The translation process includes an authoring step that uses a "String Machine" to generate the target code. The string machine is like a runtime execution engine (e.g., like the .NET CLR that executes the IL operation streams that are stored in assemblies). But, there is a critical difference: instead of performing the operations, the string machine authors the code described by those operations. This is what we mean by semantic translation as opposed to syntax translation. It may help you to think of gmBasic as a sophisticated VB6/ASP/COM to .NET compiler-decompiler.
The form of the target code for each operation is defined in terms of patterns associated with operations in the metalanguage files. There are many details in how information in the operation stream may be emitted during the expression of target code. Some of these details may be controlled by special codes and escape sequences in the pattern strings. For convenience, an excerpt from the gmBasic Language reference page that describes these special codes and escape sequences in more detail is included below.

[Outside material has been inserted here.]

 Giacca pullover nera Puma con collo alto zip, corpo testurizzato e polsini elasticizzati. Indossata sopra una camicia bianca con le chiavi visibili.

Content of pattern strings
Within the pattern strings there are three types of specifications. First, there are special operation parameters which consist of a backslash followed by a letter. These parameters trigger special conversions. Second, there are operand conversion parameters which consist of a percent sign, followed by a numeric digit, followed by a conversion code. The numeric digit specifies which operand is to be entered at this point in the string, and the conversion code specifies any special operation to be performed. Third, there are simple character specifications which are any characters not forming one of the two specifications above. Simple characters are entered into result strings exactly as entered.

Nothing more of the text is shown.